En este mes de diciembre se cumplen la friolera de veinte años desde que Catulino Jabalón Cenizo, es decir, “Don Camilo el del premio”, como él mismo se rebautizó tras la efeméride, recibió el premio Nobel de Literatura en Estocolmo. El termómetro registraba 14 grados bajo cero, y el brazo fluvial que une el lago Mälaren con el Báltico se acababa de helar, dejando atrapados en el puerto los cruceros de la Viking Line, con sus luces nocturnas encendidas a las tres de la tarde… Mientras el frío se hacía fuerte en las aceras de la ciudad Don Camilo, con su novia del brazo y vestido a la española, con capa, sombrero y pajarita negra de académico, hacía las delicias de la prensa internacional, representando a la perfección su propio personaje.

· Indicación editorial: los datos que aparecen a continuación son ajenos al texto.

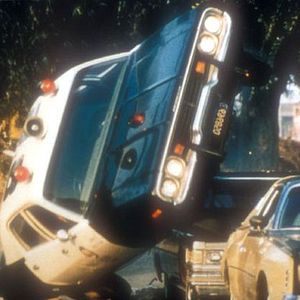 Bilder Die Blechpiraten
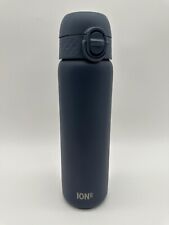 Ion8 thermoflasche 500 gebraucht kaufen  Wismar-,-Umland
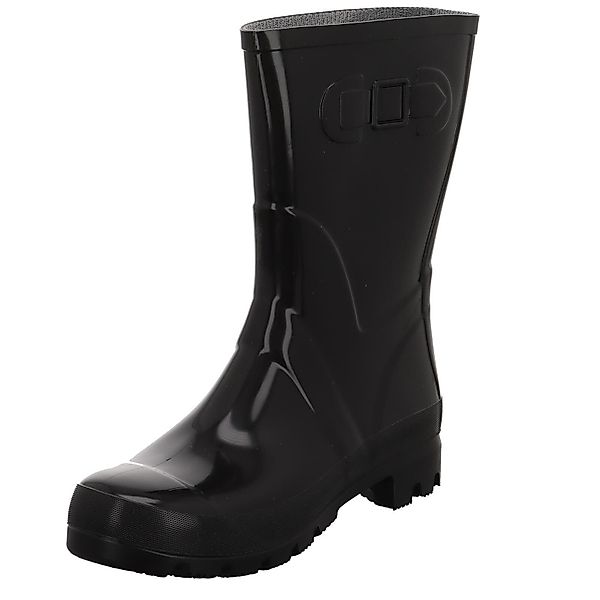Sneakers 180P-BK Gummistiefel günstig online kaufen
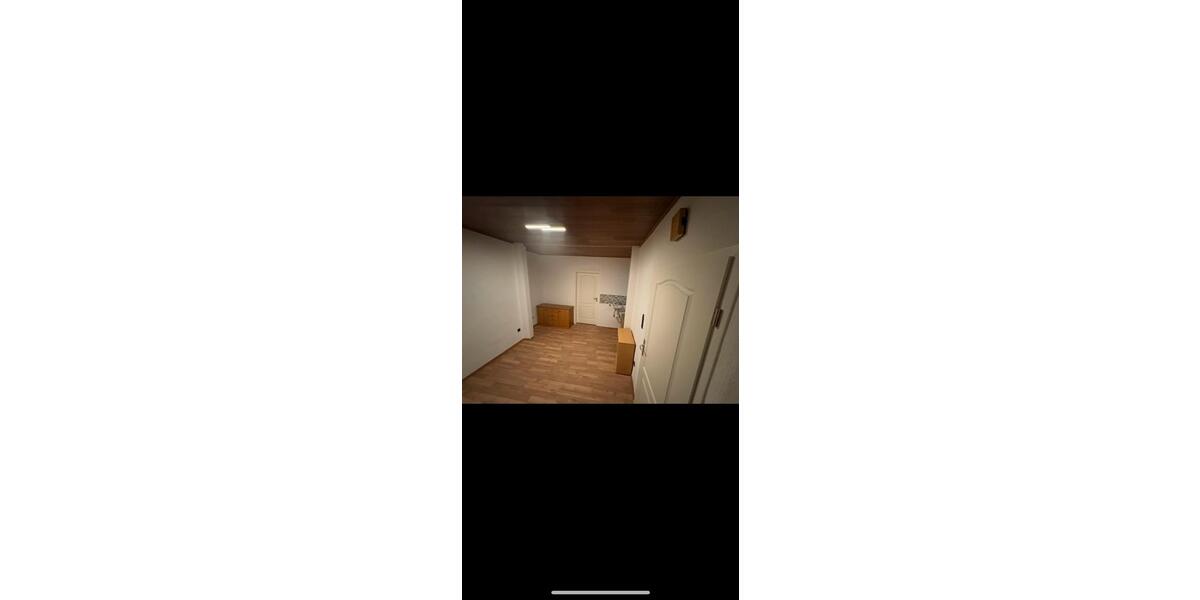 Etagenwohnung Lahnstein - 3 Zimmer, 40 m&sup2;, 420&euro; | Angebot:25756878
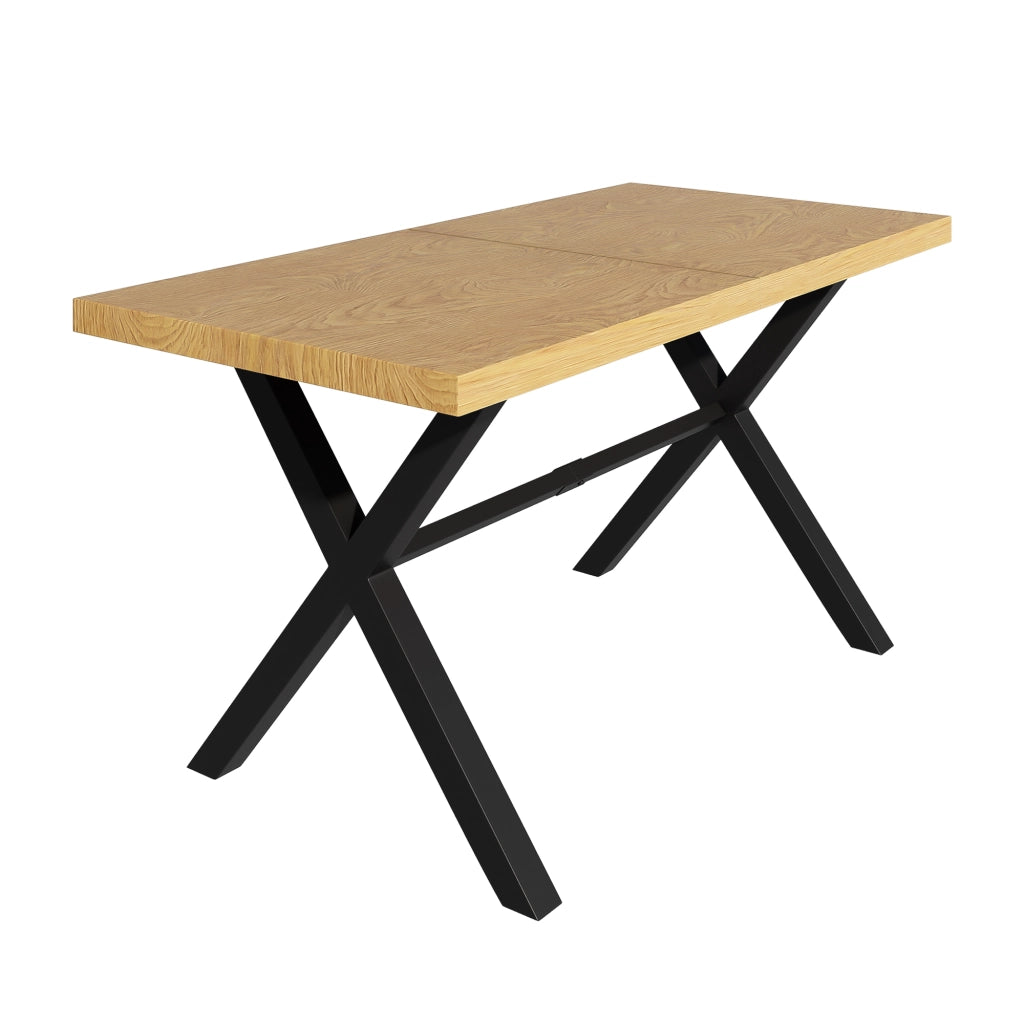 Set Salotto da Giardino in Rattan con Cuscini ¨C MINIMAL ¨C Polyrattan, Struttura in Metallo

Recuerdo hoy, como si fuera ayer, a Nieves Herrero embarazada llegando al gélido aeropuerto de la capital sueca; a Fernando Sánchez Dragó, tropezando en la nieve con su interminable bufanda roja; a Raúl del Pozo, escribiendo sus crónicas a bordo de su Olivetti, mientras los periodistas suecos (¡en 1989!) llevaban ya ordenadores portátiles para comunicarse con sus redacciones. ¡Menos mal que existía el fax…! Y Semprún que no llegaba.
Acompañar a Don Camilo de paseo por las calles de Estocolmo era acumular una anécdota tras otra. Casi tan contento como Cela estaba Knut Ahnlund, don Canuto, traductor al sueco de “Mazurca para dos muertos” y principal valedor del español en la Academia Sueca. El baile en el gran salón del Ayuntamiento de Estocolmo, con don Camilo y Marina bailando en medio de un coro arrobado de personalidades de todo el mundo fue el momento culminante de la carrera literaria de un escritor que, desde pequeño, guardaba hasta los lápices con los que escribía, convencido de que algún día llegarían a ser los lápices de un Nobel.
Todas estas cosas me vienen a la memoria cuando los veinte años del Nobel apenas han merecido un monográfico en el número LX de “Los papeles de Iria Flavia”, con recordatorio de escritores de toda España, un artículo del propio Knut Ahnlund y el discurso de Cela ante la Academia.
Eso sí, de todas las anécdotas del Cela “del premio” a mí me gusta siempre recordar una de las más escatológicas, o al menos una de las que mejor retratan su figura. La protagonizó, como cuentan los anales de la agencia Efe, el poeta y periodista Juan Manuel González, que estaba en casa de Don Camilo cuando al escritor le entraron ganas de ir al servicio en plena entrevista. Sonó el teléfono y, desde el cuarto de baño, Cela le pidió a su invitado que atendiera él mismo. Juan Manuel obedeció, y al otro lado del hilo telefónico estaba el portavoz de la Academia Sueca, anunciando la concesión del Nobel… Mientras Don Camilo seguía a lo suyo, Juan Manuel González llamó a su agencia para ser el primero en dar la rigurosa primicia informativa.
Han pasado veinte años y el personaje de don Camilo, “el del premio”, sigue absolutamente intacto. Su literatura, además, goza de una excelente salud, aunque le falte algo de brillo al recordatorio. Como decía la nota de prensa de la Academia, con Cela se quería premiar «la renovación literaria en España durante la posguerra», y algo de ese premio, como ocurrió con Aleixandre y la Generación del 27, correspondía también a otros miembros de una “generación” de grandísimos novelistas de su tiempo, como Miguel Delibes o Gonzalo Torrente Ballester, por citar sólo dos ejemplos. Pero así son los premios, tan injustamente justos. El propio Cela lo reconocía en su discurso para el Nobel, titulado “Elogio de la fábula”, donde iniciaba su parlamento reivindicando la figura de otro grande: «Mi viejo amigo y maestro Pío Baroja -decía Cela-, que se quedó sin el premio Nobel porque la candelita del acierto no siempre alumbra la cabeza del justo, tenía un reloj de pared en cuya esfera lucían unas palabras aleccionadoras, un lema estremecedor que señalaba el paso de las horas: Todas hieren, la última mata». Un clásico.